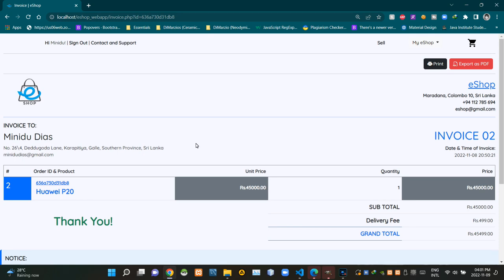Hello folks, welcome to today's demonstration video of my eShop project. In today's video, I am going to explain about the UI design side of the purchase invoice page. So without further ado, let's get into this.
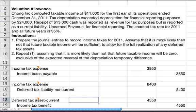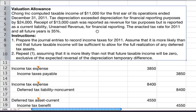This problem is about valuation allowance. Chong Inc. computed taxable income of $11,000 for the first year of its operations ended December 31st, 2011. Tax depreciation exceeded depreciation for financial reporting purposes by $24,000. Receipt of $13,000 in cash was reported as revenue for tax purposes but is reported as a current liability as unearned revenue for financial reporting.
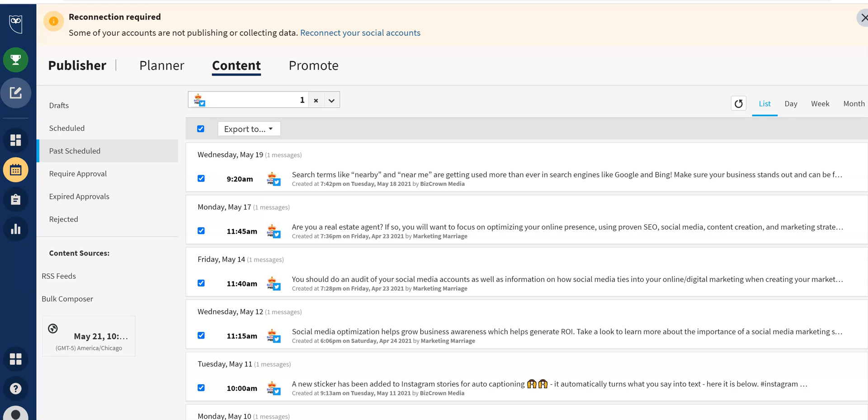So here's another really cool Hootsuite feature. What this lets you do is export your scheduled content. We're talking about content that you've scheduled through Hootsuite for the past three months to any channel.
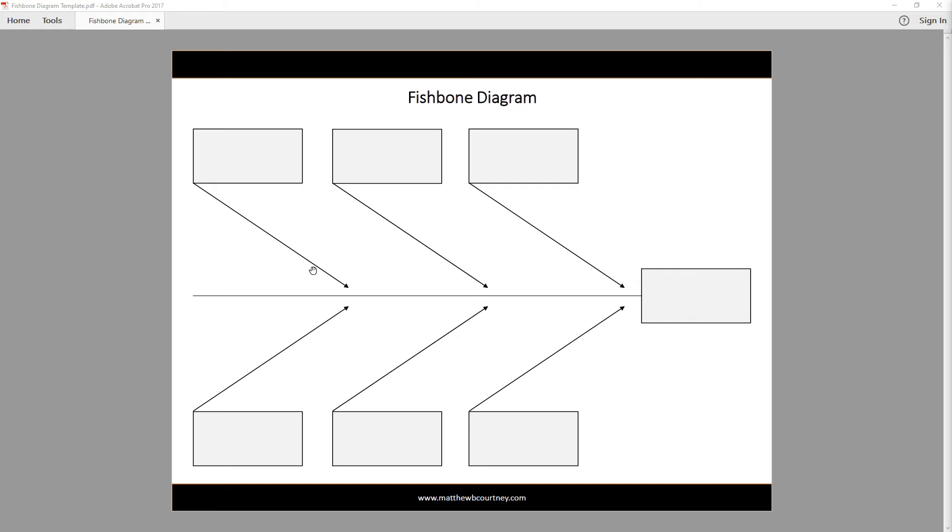Once you complete the diagram, take a step back and view your system in its entirety. Prioritize problems that can be easily solved, your low-hanging fruit, and make a plan to address those.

-*-

Write the lines from the line containing "So here's another" through the last line of the data out again exactly, and only those lines; pictures stay out.

So here's another really cool Hootsuite feature. What this lets you do is export your scheduled content. We're talking about content that you've scheduled through Hootsuite for the past three months to any channel.
Once you complete the diagram, take a step back and view your system in its entirety. Prioritize problems that can be easily solved, your low-hanging fruit, and make a plan to address those.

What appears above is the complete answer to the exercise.